La norme proposée aura donc presque trois fois celle des bâtiments existants. Les consultants de la ville ont ignoré la réalité du milieu en recommandant «la construction d’un bâtiment repère, en bordure de la rue Saint-Louis, qui se démarque par sa hauteur et sa volumétrie contribuant à structurer de façon significative le cadre bâti de ce tronçon de rue». La construction va écraser le patrimoine immobilier de toute une rue, sans parler des rues voisines. Comment une construction contemporaine à grand gabarit pourrait-elle servir de bâtiment repère pour continuer l’ambiance des rues Bégin et du Passage, sans oublier celle de l’ancienne Halle et du Manège militaire?
La revitalisation telle que proposée pose des risques graves et sérieux pour l’image du Vieux-Lévis. La ville devrait s’inspirer des rues Maguire, Cartier et du Campanile, à Québec. Une architecte d’expérience oeuvrant dans le Vieux-Lévis a indiqué aux élus qu’un immeuble limité à quatre étages serait rentable. Dans le présent cas, les élus ont des obligations presque fiduciaires. Les immeubles à grand gabarit n’ont pas leur place dans le Vieux-Lévis. La voix qui doit guider chacun des conseillers de Lévis est celle de la réserve, de l’équilibre, du «gros bon sens». Certainement pas la voix de la démesure.

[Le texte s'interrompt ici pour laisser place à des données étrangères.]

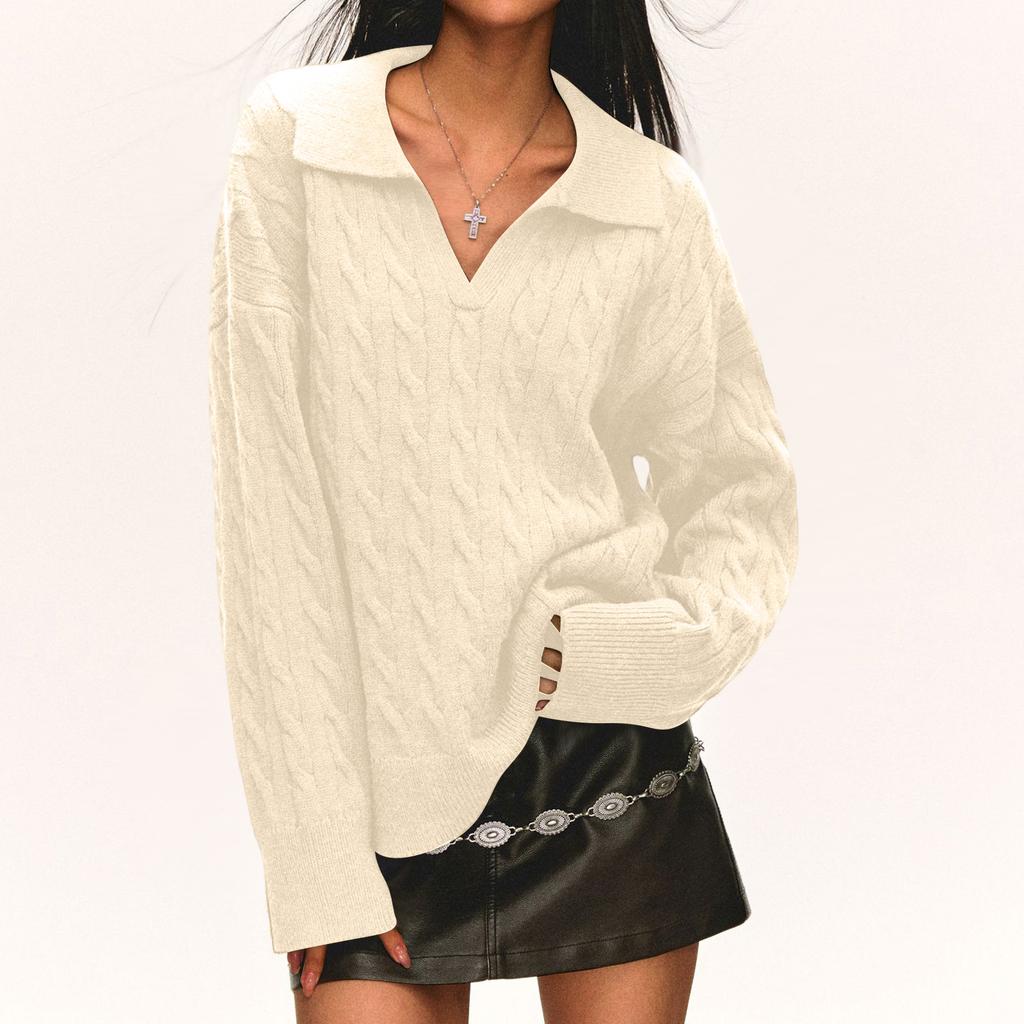 Women's Fashion Casual Loose Lazy Style Cable Lapel  Pullover Long Sleeve Knit Sweater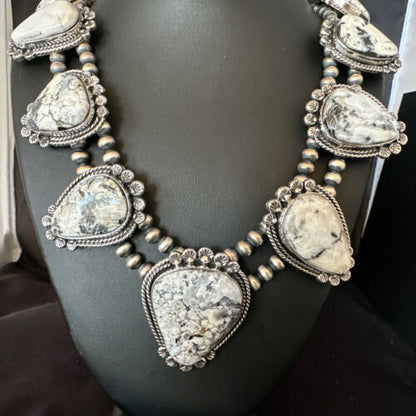 Handmade Navajo White Buffalo Turquoise Choker Necklace | Sterling Silver | 15410 - Masha USA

Yvan-M. Roy, avocat retraité, Lévis
Je suis tout à fait d’accord avec la conclusion de M. Roy: développer et revitaliser le Vieux-Lévis, oui, mais pas n’importe comment! N’y a-t-il aucun autre terrain où construire à Lévis des super-édifices d’habitation modernes? Faut-il vraiment donner un look moderne et actuel à un quartier qui date de la colonie? Densifier le Vieux-Lévis implique un effort d’intégration ou alors on devra vivre (au sens d’habiter et de vivre quotidiennement) avec sa dénaturation, point final. Les élus devront choisir entre porter cette responsabilité (et ça dure, une bâtisse, c’est un aide mémoire solide, en tout cas au moins jusqu’à sa prochaine démolition…) ou mériter le crédit de projets implantés avec intelligence et respect pour le passé et pour le présent, comme l’Anglicane, par exemple. Et je dis présent parce que je le rappelle aux preneurs de décisions: des gens biens vivants habitent déjà ce quartier, par choix, et l’aiment pour ce qu’il est, un milieu de vie à caractère patrimonial. Je doute que nos éventuels futurs voisins ne réclament ou n’exigent tant de démesure et de modernité ici, dans le Vieux-Lévis, afin de pouvoir « voir le fleuve de leur fenêtre ». Je crois qu’il existe d’eventuels futurs voisins qui aimeraient eux aussi vivre dans nos bâtiments d’époque, en tout respect et en toute harmonie avec ceux qui vivent déjà ici. Pensez-y bien, avant de continuer à vendre le Vieux-Lévis un bloc à la fois: c’est l’âme du quartier qui s’en va un peu plus à chaque fois.